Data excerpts
- Opening Delimiter -

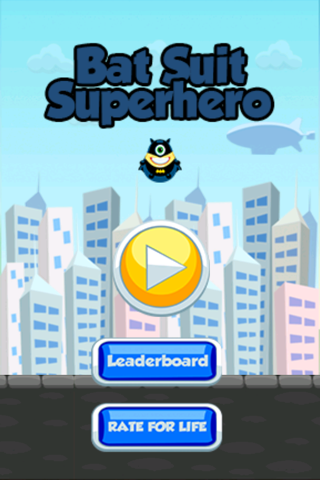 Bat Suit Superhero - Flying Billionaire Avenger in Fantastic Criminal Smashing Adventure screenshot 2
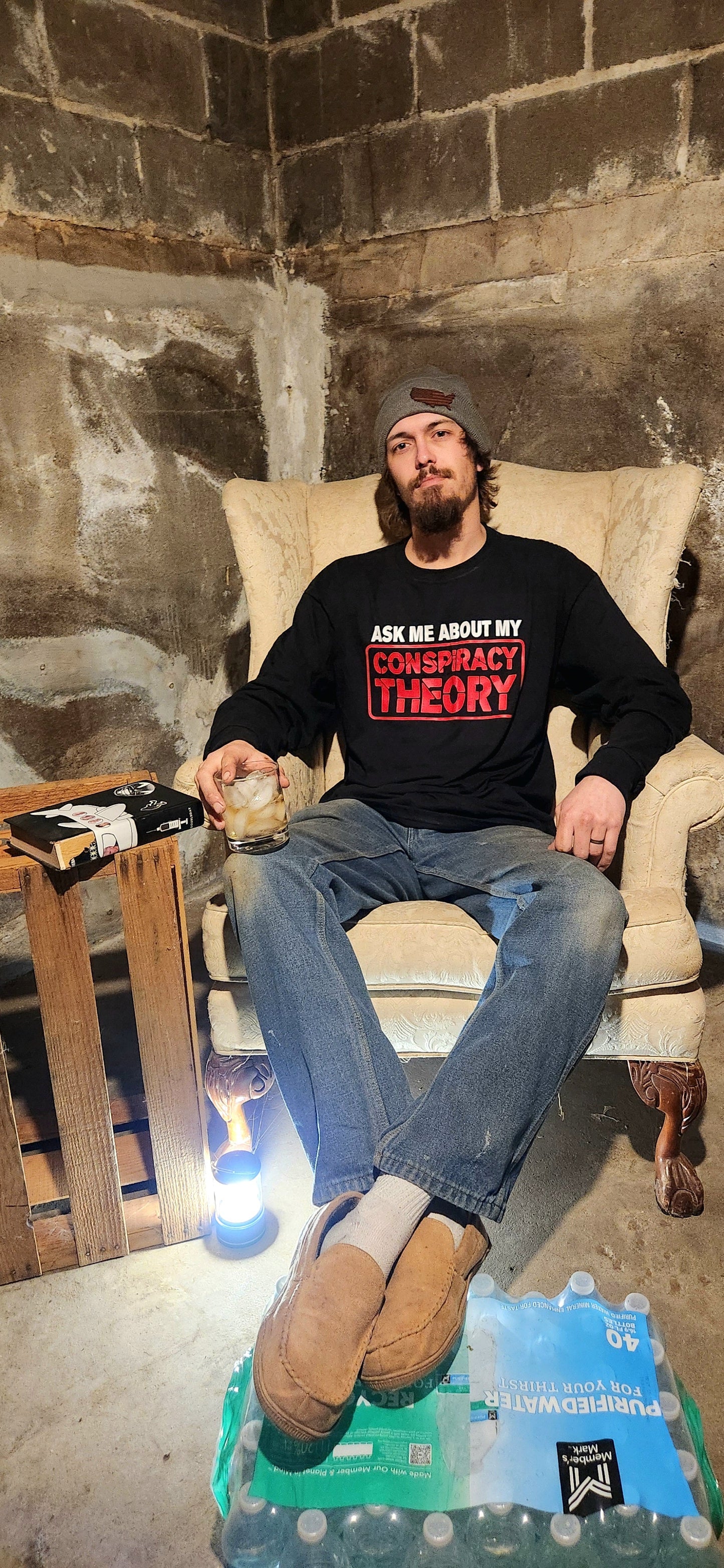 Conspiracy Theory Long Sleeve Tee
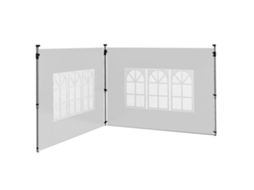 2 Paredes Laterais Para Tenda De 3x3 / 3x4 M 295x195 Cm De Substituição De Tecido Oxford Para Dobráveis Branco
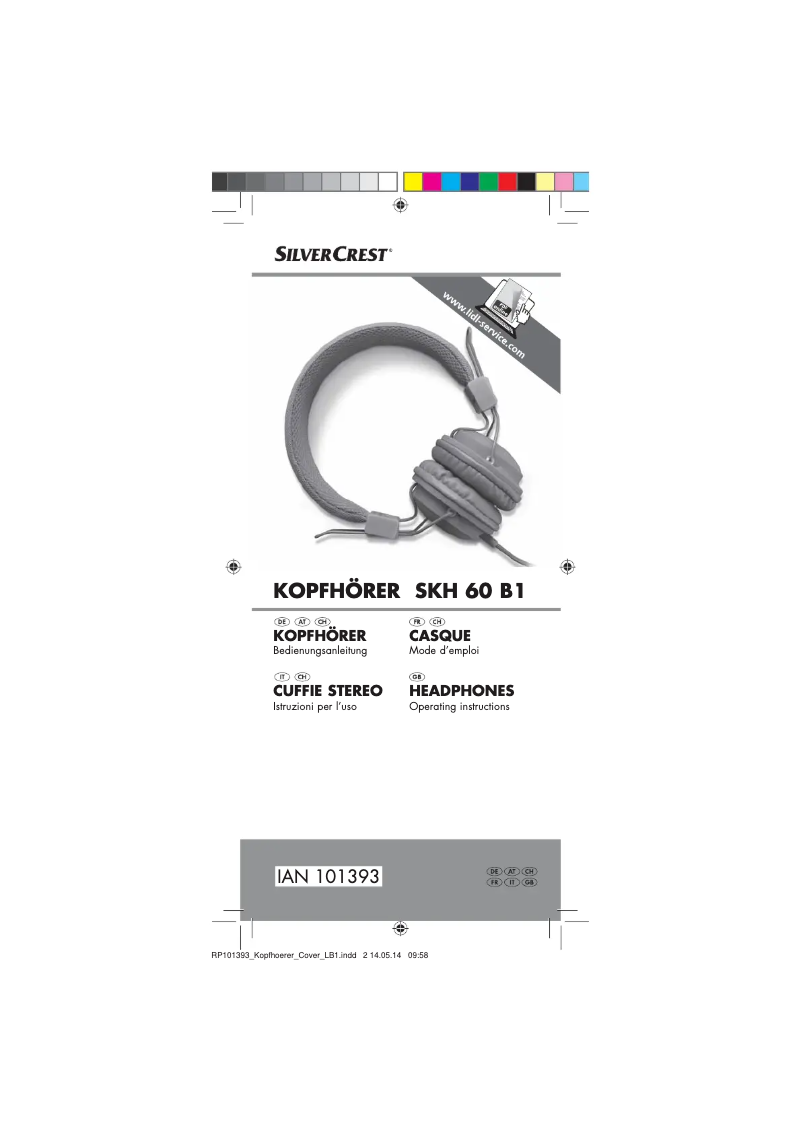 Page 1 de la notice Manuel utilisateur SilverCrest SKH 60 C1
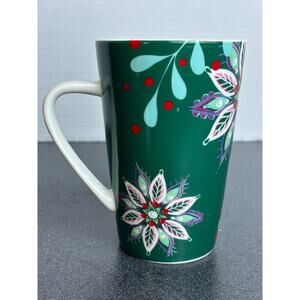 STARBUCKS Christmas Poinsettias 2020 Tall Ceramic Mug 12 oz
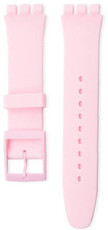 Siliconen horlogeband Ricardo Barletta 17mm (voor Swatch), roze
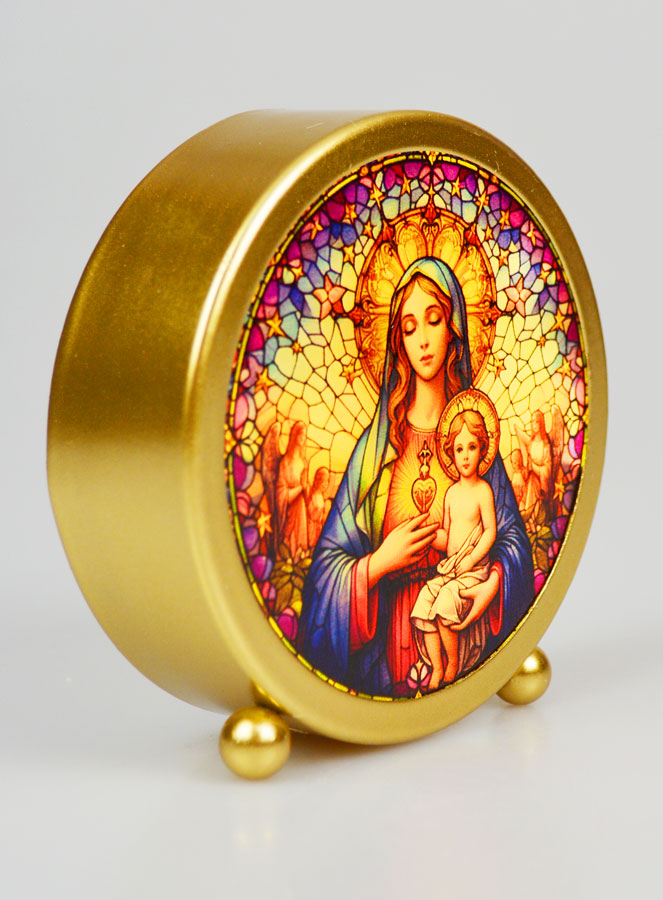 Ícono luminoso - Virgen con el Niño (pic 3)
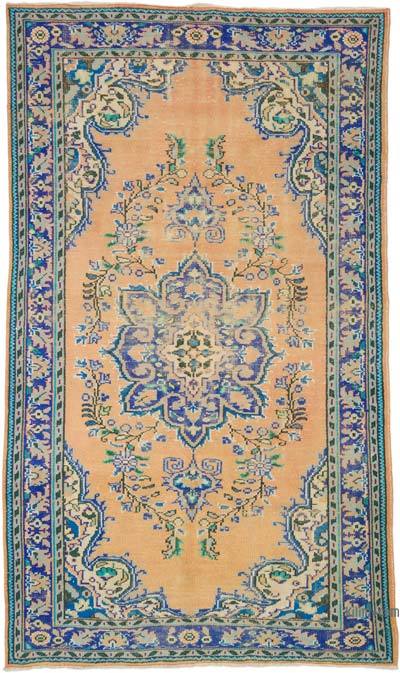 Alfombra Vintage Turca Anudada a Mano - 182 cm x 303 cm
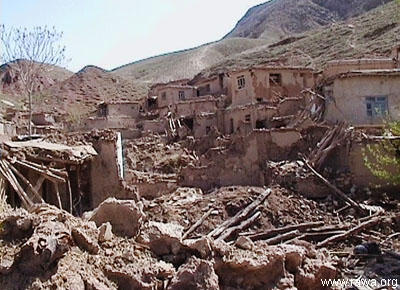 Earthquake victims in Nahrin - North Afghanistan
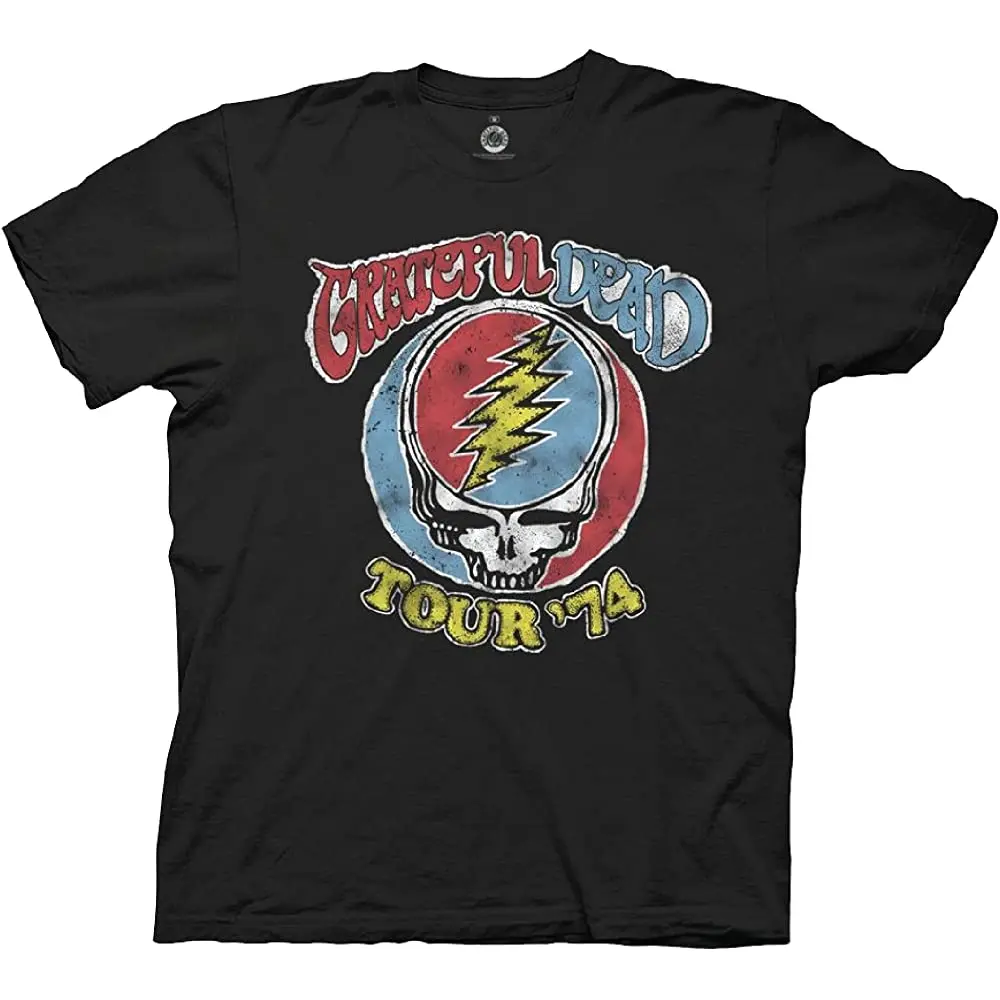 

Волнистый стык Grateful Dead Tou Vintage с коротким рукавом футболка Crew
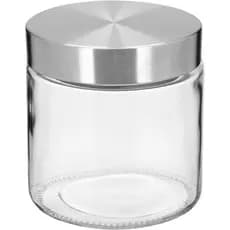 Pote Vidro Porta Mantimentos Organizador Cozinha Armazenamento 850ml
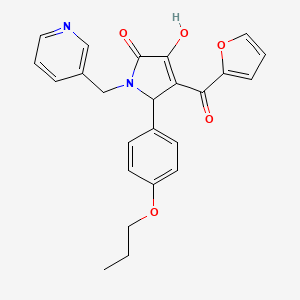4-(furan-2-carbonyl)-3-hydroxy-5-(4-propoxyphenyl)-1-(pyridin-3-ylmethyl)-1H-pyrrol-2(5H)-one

- Closing Delimiter -

## Exercise instructions
Give the data above again, exactly, with every picture removed.

## Output for this task
 Bat Suit Superhero - Flying Billionaire Avenger in Fantastic Criminal Smashing Adventure screenshot 2
 Conspiracy Theory Long Sleeve Tee
 2 Paredes Laterais Para Tenda De 3x3 / 3x4 M 295x195 Cm De Substituição De Tecido Oxford Para Dobráveis Branco
 Page 1 de la notice Manuel utilisateur SilverCrest SKH 60 C1
 STARBUCKS Christmas Poinsettias 2020 Tall Ceramic Mug 12 oz
 Siliconen horlogeband Ricardo Barletta 17mm (voor Swatch), roze
 Ícono luminoso - Virgen con el Niño (pic 3)
 Alfombra Vintage Turca Anudada a Mano - 182 cm x 303 cm
 Earthquake victims in Nahrin - North Afghanistan

Волнистый стык Grateful Dead Tou Vintage с коротким рукавом футболка Crew
 Pote Vidro Porta Mantimentos Organizador Cozinha Armazenamento 850ml
4-(furan-2-carbonyl)-3-hydroxy-5-(4-propoxyphenyl)-1-(pyridin-3-ylmethyl)-1H-pyrrol-2(5H)-one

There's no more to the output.